In short, my question – which has come up in a mechanism design setting I'm working on – is the following. Let $f,g\colon \mathbb{R} \rightarrow \mathbb{R}$ be continuous functions and let $f$ be non-decreasing and non-negative. Then for each $y\in\mathbb{R}$ consider the function $$ r_y\colon \mathbb{R} \rightarrow \mathbb{R}\colon x \mapsto f(x)\cdot y-g(x) $$ over $\mathbb{R}$. What do $f,g$ have to look like for $r_y$ to be globally optimal at $x=y$ for all $y\in \mathbb{R}$?
Of course, if $f,g$ are somewhat "well-behaved", we can go through the usual motions. For all $y$ it has to be $r_y'(y)=0$, i.e. $g'(y)=f'(y)y$ and via the fundamental theorem of calculus $$ g(x)=C+\int_0^x f'(\zeta)\zeta d\zeta. $$
But my calculus/real analysis knowledge is insufficient to understand whether the premises of the problem ensure that $f,g$ are sufficiently well-behaved or to understand what happens if they are not well-behaved.

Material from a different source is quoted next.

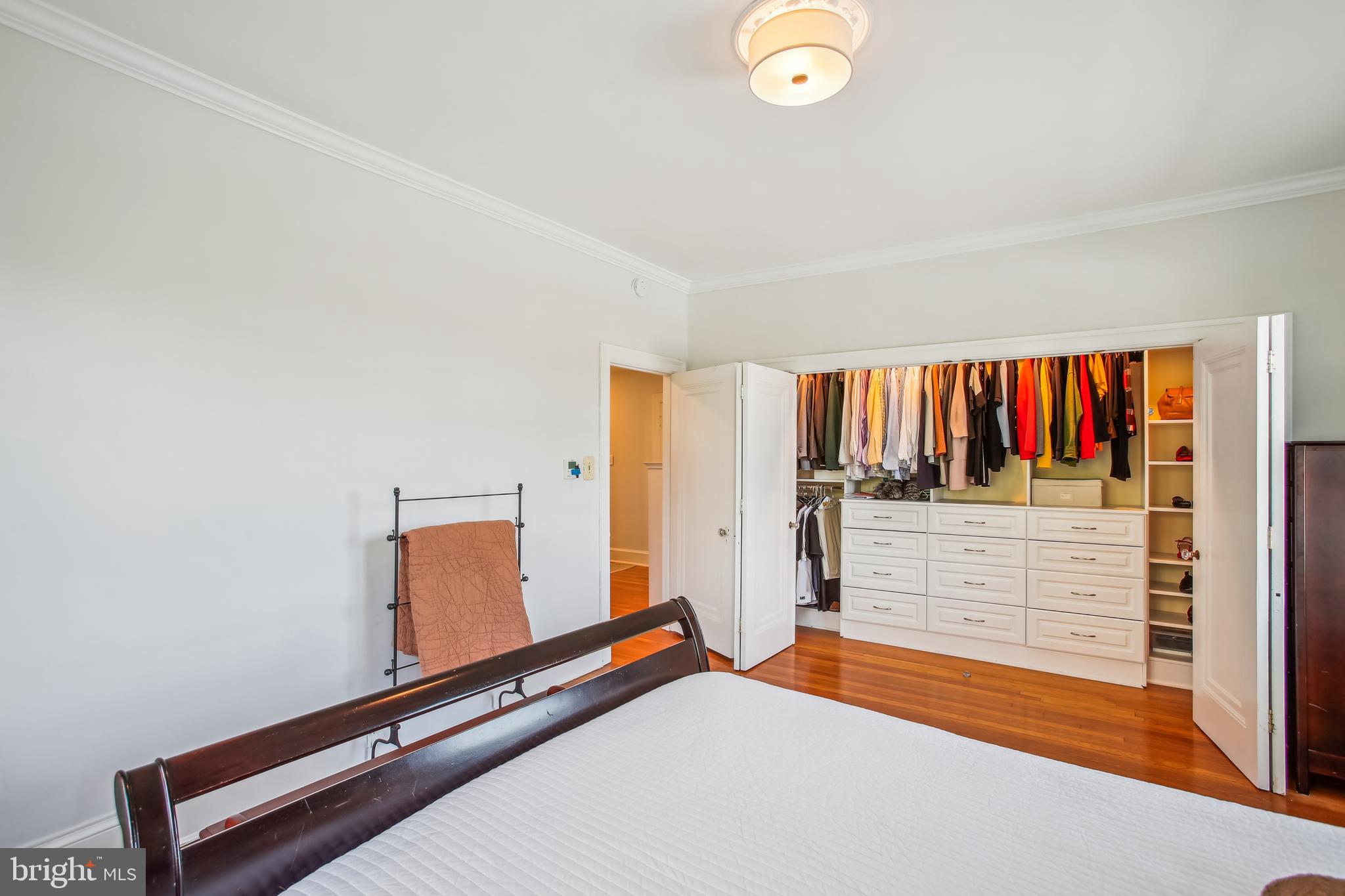 1661 Crescent Place Northwest, Unit 408 Washington, DC 20009 - Photo 41 of 57 Crown Molding & Hardwood Flooring Bedroom #1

Here are some more thoughts of mine. It's been a while since I took advanced calculus, so some of this might be confused.
Instead of talking about derivatives, we can talk about the (ratios of) differences. In particular, for all $d>0,y\in \mathbb{R}$, it must be $r_y(y+d)-r_y(y)\leq 0$ and $r_y(y)-r_y(y-d)\geq 0$. Rearranging stuff a little, this is equivalent to (for all $d>0,y\in \mathbb{R}$) $$ y(f(y+d)-f(y))\leq g(y+d)-g(y)\leq (y+d)(f(y+d)-f(y)). $$ This is nice because it's similar to the relationship between the derivatives. (Dividing by $d$ and letting it go to $0$ gives the relationship between the derivatives if they exist.) But it doesn't immediately answer questions about what kinds of $f$ are allowed or how to construct the corresponding $g$. (See below for problematic examples.)
Lebesgue's theorem for the differentiability of monotone functions seems to imply that $f$ and $g$ are differentiable almost everywhere. (The previous point implies that if $f$ is monotone, $g$ is monotone on $(-\infty,0)$ and on $(0,\infty)$.) So we can talk about the derivatives of $f$ and $g$ almost everywhere. But we might not be able to obtain (an "allowed") $g$ via integration of $g'(x)=f'(x)x$. For example, if $f$ is the Cantor function for $x\in[0,1]$, then $$ \int_0^x f'(\zeta)\zeta d\zeta = 0, $$ right (see, e.g., sect. 2 here)? But if $f$ is the Cantor function and $g=0$, then $r_{\frac{1}{2}}(\frac{1}{2})<r_{\frac{1}{2}}(1)$. That is, $r_{\frac{1}{2}}$ does not have a maximum at $1/2$. So can $f$ be the Cantor function? That is, if $f$ is the Cantor function, is there a corresponding $g$ (s.t. $r_y$ has a maximum at $y$ for all $y$) and if so what is the corresponding $g$? More generally, can $f$ be a function that we can't find by integrating its derivative and if so, is there a way of finding the corresponding $g$?
The above point asks whether $g$ might not be an integral over $g'$. Another question is whether $g'$ (or $f'$) must be integrable at all. Of course, there are continuous functions whose derivatives are not integrable, but the examples I am aware of aren't even monotone (not to mention our other requirements for $f,g$).
One standard move that people use to replace derivatives is to use sub-/super-derivatives. But that seems to require the functions in question to be convex/concave. But neither $r_y$, nor $f$ or $g$ must be convex/concave everywhere.